The scroll depicts three scenes. First, two men wander through the mountains. The next image shows a monster following the pair. Once the duo finally reaches the woods, the monster emerges from brush and reveals his wide eyes and jagged teeth to scare the men.
The ink drawing is reminiscent of Hokusai’s humor, according to the exhibit, but the technique shows varied brushwork unlike that of “the Master’s”. Kozan may have learned some style from his master, but like many of Hokusai’s other students, he diverged to forge his own way with art.
According to exhibit curator Sarah Thompson, the work of the pupils brings further depth to examples of Hokusai’s mastery.
“While working on the recent MFA exhibition of the work of Katsushika Hokusai, I came across many interesting pieces by younger artists who had studied under him,” Thompson said in a public notice at the MFA. “Study of the work of Hokusai’s pupils adds a new dimension to our appreciation of the master himself, and they are fascinating artists in their own right.”
Hokusai’s work clearly inspired his pupils. Many prints in the exhibit depict images of beautiful women, historical warriors and landscapes, some of Hokusai’s renowned subjects.
However, like those of Kozan, each work had a distinct style that appeared to bean offshoot of Hokusai’s work. According to exhibit descriptions, after a few years, Hokusai encouraged his students to work independently and outside of art studios.
Hokusai’s pupil Yanagawa Shigenobu found his success in printing images of the courtesan parades in the Shinmachi pleasure quarter, a brothel district of 1820s Japan.
Ryuryukyo Shinsai, another student, focused his work on symbols of the gentile class of Japan. He printed measuring sticks and a disassembled alarm clock to represent the virtues of mathematics, as well as perched hawks to symbolize upper-class hunters.
“I never really thought of his pupils,” Paul Komar, an Oregon professor of oceanography visiting Boston, said.“There’s quite a diversity of things here, from an octopus’s tiny tentacle to a large landscape.”

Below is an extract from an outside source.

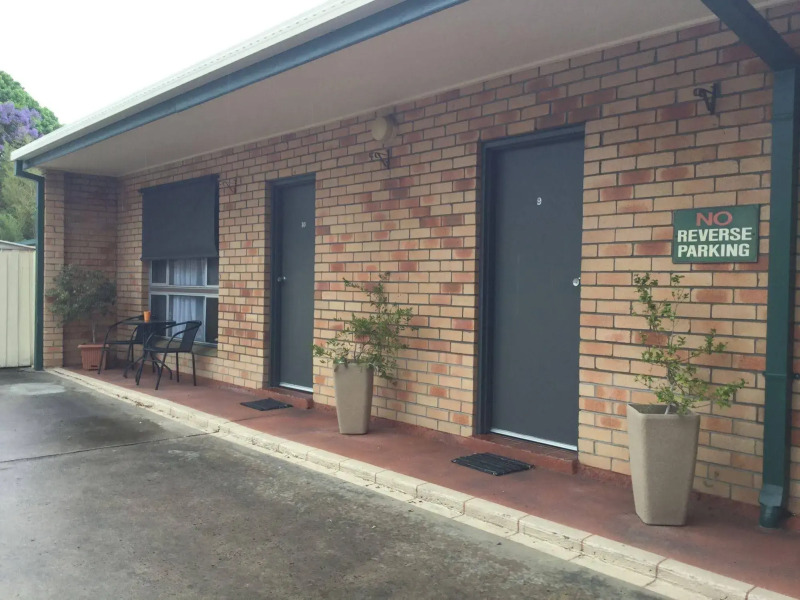 Squatters Homestead Motel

These artists studied with Hokusai in person, and Hokusai helped connect them to patrons to support their art. Many of the prints in the exhibit were commissioned by and for the affluent, allowing Hokusai’s students to profit from their work.
Regardless of the art’s purposes, Hokusai influenced the first wave of his successors greatly.
“I think it’s great to see the seed Hokusai planted,” Janet Hirsch, a Bostonian who frequents the MFA, said. “He’s the one we know, but look at what else he brought to the world.”
The MFA will house “In the Steps of the Master: Pupils of Hokusai” until Feb. 15, 2016.